__Assignment__: Pictures must not appear in your answer. Write out exactly the lines from the one with "PAMLA WIDE FLATS" through the last line of the entries below.

__The data__:
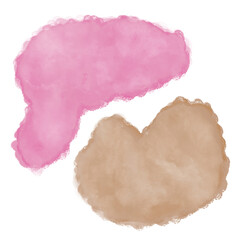 Pink Beige Watercolor Shapes Decor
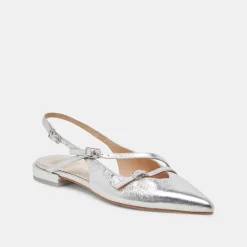PAMLA WIDE FLATS SILVER CRINKLE PATENT^Dolce Vita Online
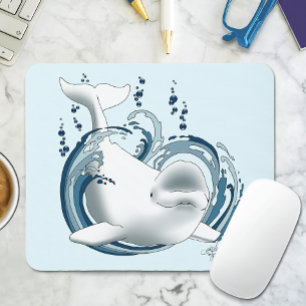 Mousepad Baleia Beluga Azul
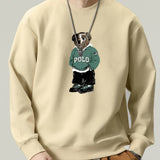 kkboxly  Men's Cartoon Bear Print Crewneck Sweatshirt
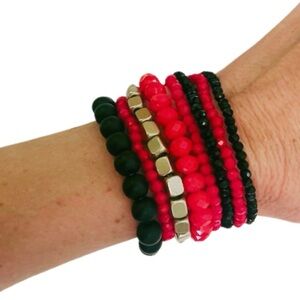 Stacked Red and Black Bulldogs Bracelet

__Expected answer__:
PAMLA WIDE FLATS SILVER CRINKLE PATENT^Dolce Vita Online
 Mousepad Baleia Beluga Azul
 kkboxly  Men's Cartoon Bear Print Crewneck Sweatshirt
 Stacked Red and Black Bulldogs Bracelet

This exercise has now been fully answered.